> WORK ITEM:
From the line containing "Chimpanzé qui souffle" to the line containing "Branches and twigs" in the records below, set down every line exactly as it stands, both ends included, and skip the pictures.

━━━ SOURCE INFORMATION

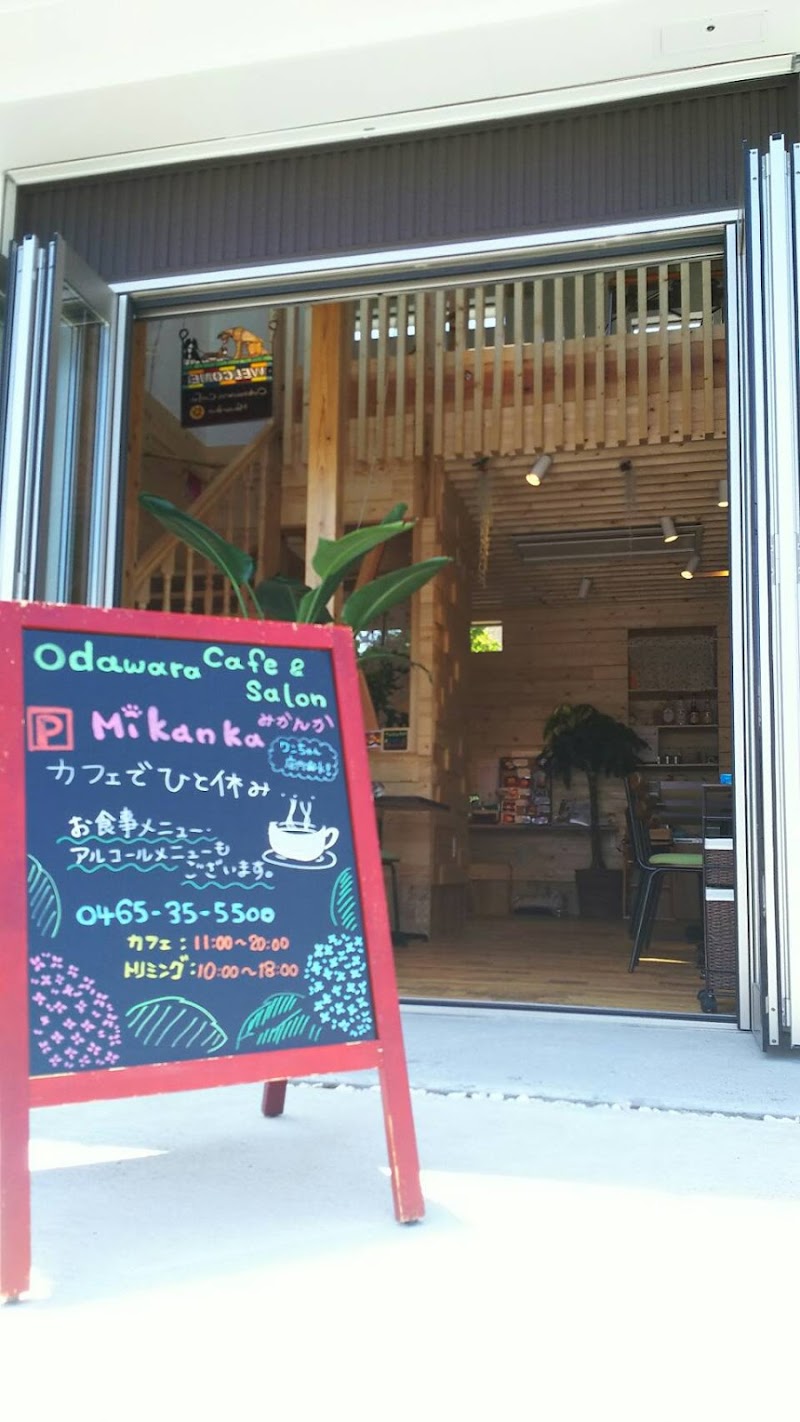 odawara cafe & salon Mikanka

━━━━━━
━━━ SOURCE INFORMATION

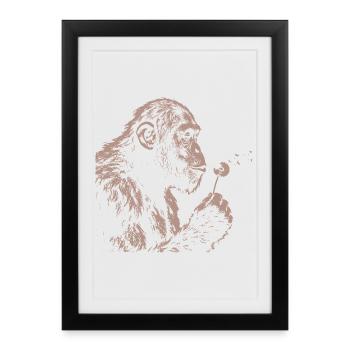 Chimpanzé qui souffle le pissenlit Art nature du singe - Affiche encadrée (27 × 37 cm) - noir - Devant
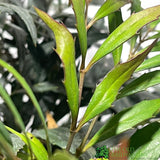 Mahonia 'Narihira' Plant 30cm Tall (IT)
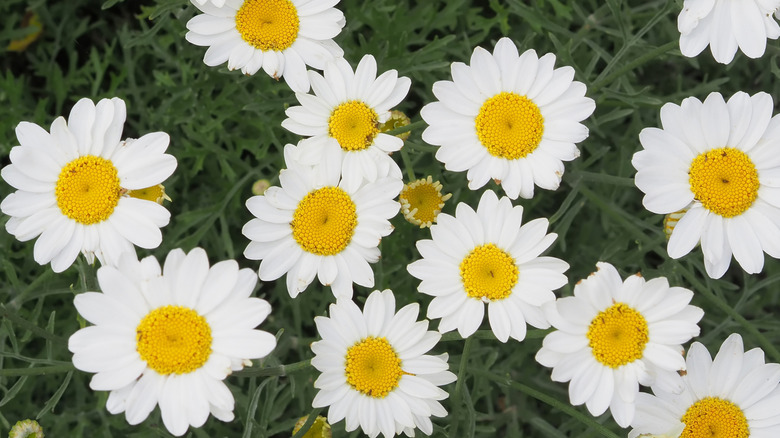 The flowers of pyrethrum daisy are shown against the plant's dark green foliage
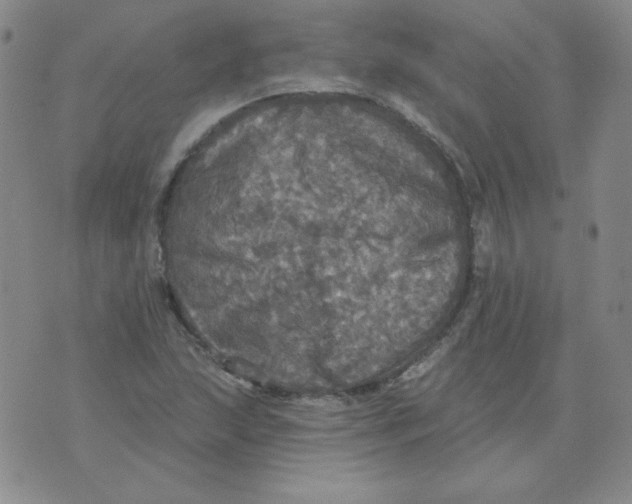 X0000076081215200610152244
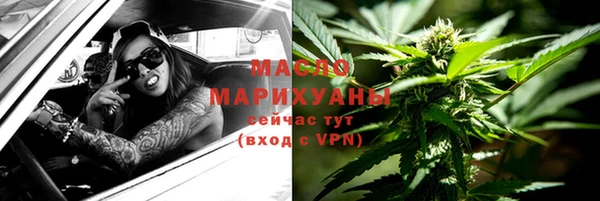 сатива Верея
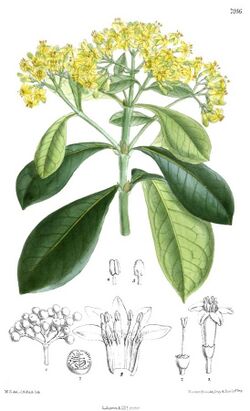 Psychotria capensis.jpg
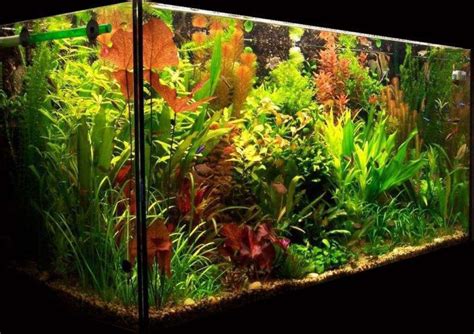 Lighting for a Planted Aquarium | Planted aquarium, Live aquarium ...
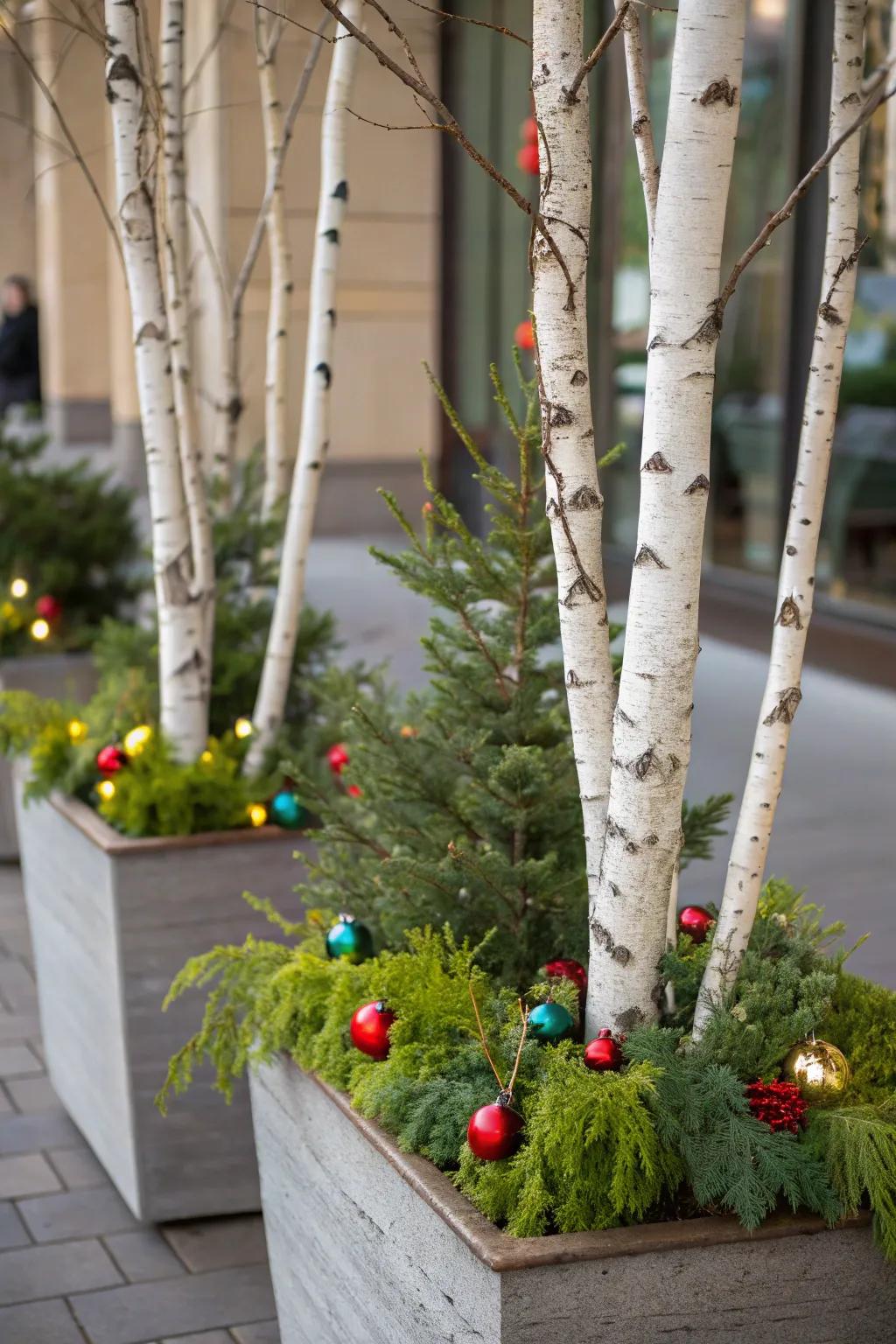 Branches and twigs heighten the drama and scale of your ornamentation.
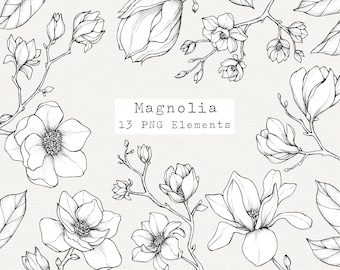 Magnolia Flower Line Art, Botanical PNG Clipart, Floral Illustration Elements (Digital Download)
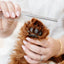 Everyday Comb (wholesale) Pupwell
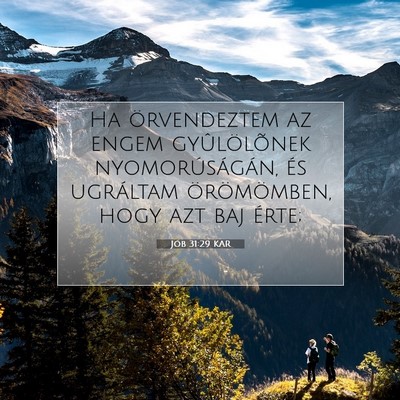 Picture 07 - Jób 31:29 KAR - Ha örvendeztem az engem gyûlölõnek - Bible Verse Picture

━━━━━━
━━━ SOURCE INFORMATION

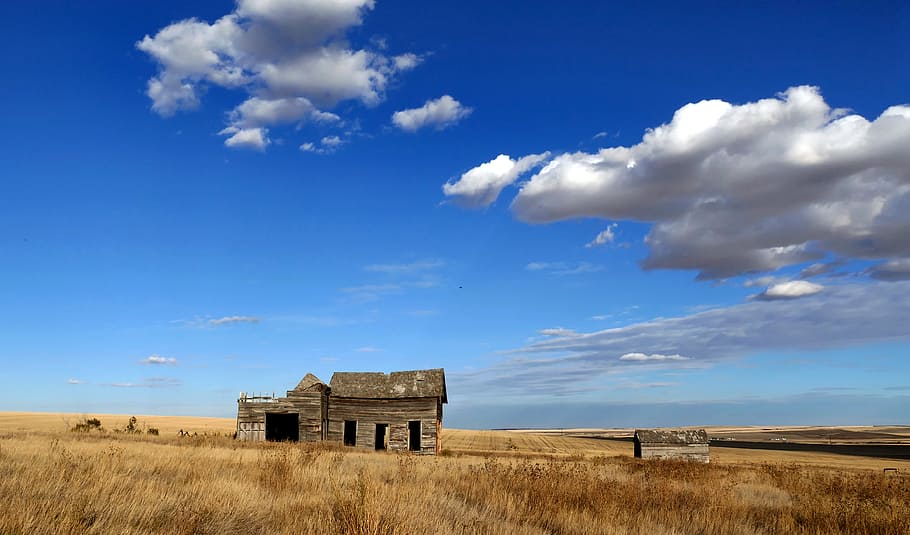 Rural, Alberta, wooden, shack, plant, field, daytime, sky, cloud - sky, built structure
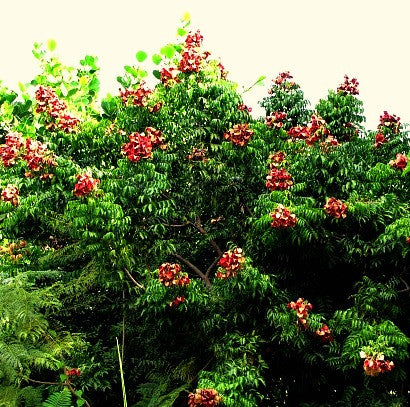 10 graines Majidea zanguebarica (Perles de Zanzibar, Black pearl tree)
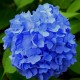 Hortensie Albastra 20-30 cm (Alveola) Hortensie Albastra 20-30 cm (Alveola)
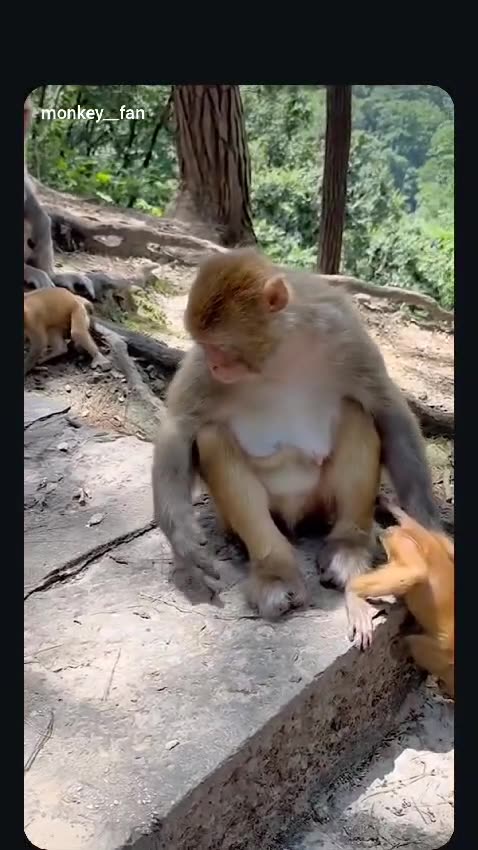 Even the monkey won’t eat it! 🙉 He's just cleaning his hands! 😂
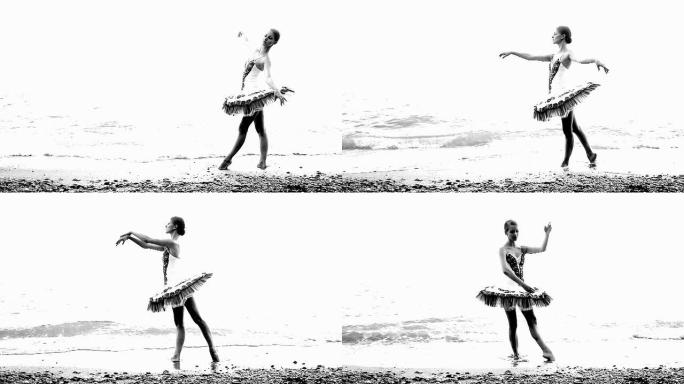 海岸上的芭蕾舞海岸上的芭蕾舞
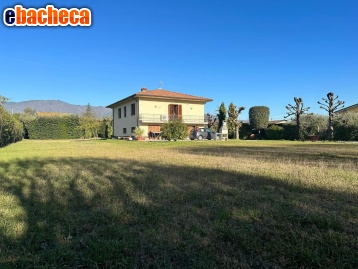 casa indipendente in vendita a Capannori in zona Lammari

━━━━━━

> SOLUTION FOR THIS EXERCISE:
 Chimpanzé qui souffle le pissenlit Art nature du singe - Affiche encadrée (27 × 37 cm) - noir - Devant
 Mahonia 'Narihira' Plant 30cm Tall (IT)
 The flowers of pyrethrum daisy are shown against the plant's dark green foliage
 X0000076081215200610152244
 сатива Верея
 Psychotria capensis.jpg
 Lighting for a Planted Aquarium | Planted aquarium, Live aquarium ...
 Branches and twigs heighten the drama and scale of your ornamentation.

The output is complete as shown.